You’ve probably come to this article because you want to know how much is costs to build custom software for your business.
The short answer is that it will cost somewhere between $45,000 and $180,000 for a one milestone build of a software application.
The longer answer involves an understanding of what a milestone is and how the number of requirements will impact the cost of the application.
If there’s one thing you take from this article, let it be this: please do not take a list of requirements to a development agency and ask for a fixed quote.
8 times out of 10 the agency won’t give a quote; the other 2 times won’t lead to a good outcome for anyone involved on the project.
A list of requirements (or a vision for the project) can be interpreted many ways. It is critical to align the stakeholders involved in the software project before setting expectations around time and budget.
WorkingMouse does this through our Way of Working. Specifically, a dedicated stage to align stakeholders, create a well-documented backlog and a clickable prototype so that our developers understand exactly what it is they are building. This allows us to scientifically estimate the requirements and communicate to clients what features impact the cost of their software application.
Before we dive in any deeper it’s important to have an understanding of the different stages that will impact the cost of your application.
The very first stage that can often be devalued by those that don’t have industry experience is scoping. I believe that we must commit to designing and scoping upfront to negate the risks of project failures and inadequate products.
This then leads into the build of the application and finally, the support and maintenance, because no software is ever ‘finished.’
As mentioned above, Scoping is how we can more accurately calculate the costs of software development.
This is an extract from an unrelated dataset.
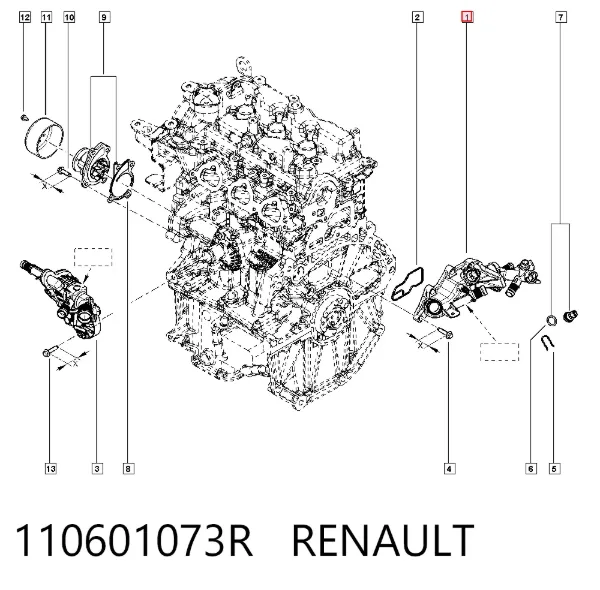 Caja de termostato 110601073R Renault (RVI)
Using a problem statement that was identified during pre-engagement discussions (we call this the Brief stage), we collectively create the solution that will solve the problem. To find the solution we move in sequence through the discovery, inspiration, ideation and realisation stages (see diagram below).
The length of time for this process can vary but it is generally between 2 and 4 weeks. Importantly, at the end of Scope, we emerge with a number of deliverables including;
- A clickable prototype of your software that can be tested and validated,
- Requirements backlog with implementation steps,
- Your application’s schema,
- Roadmap, and,
- A cost breakdown of each piece of functionality.
What to avoid when looking for costs
The trap that many software development companies fall into is giving a quote before adequately scoping a project. This is incredibly problematic when the project is in the midst of development and it becomes clear that the developer’s interpretation of requirement X is different to the client’s interpretation of requirement X. Now, the complexity of the project has increased and the development company adds an extra 0 to the end of the initial quote.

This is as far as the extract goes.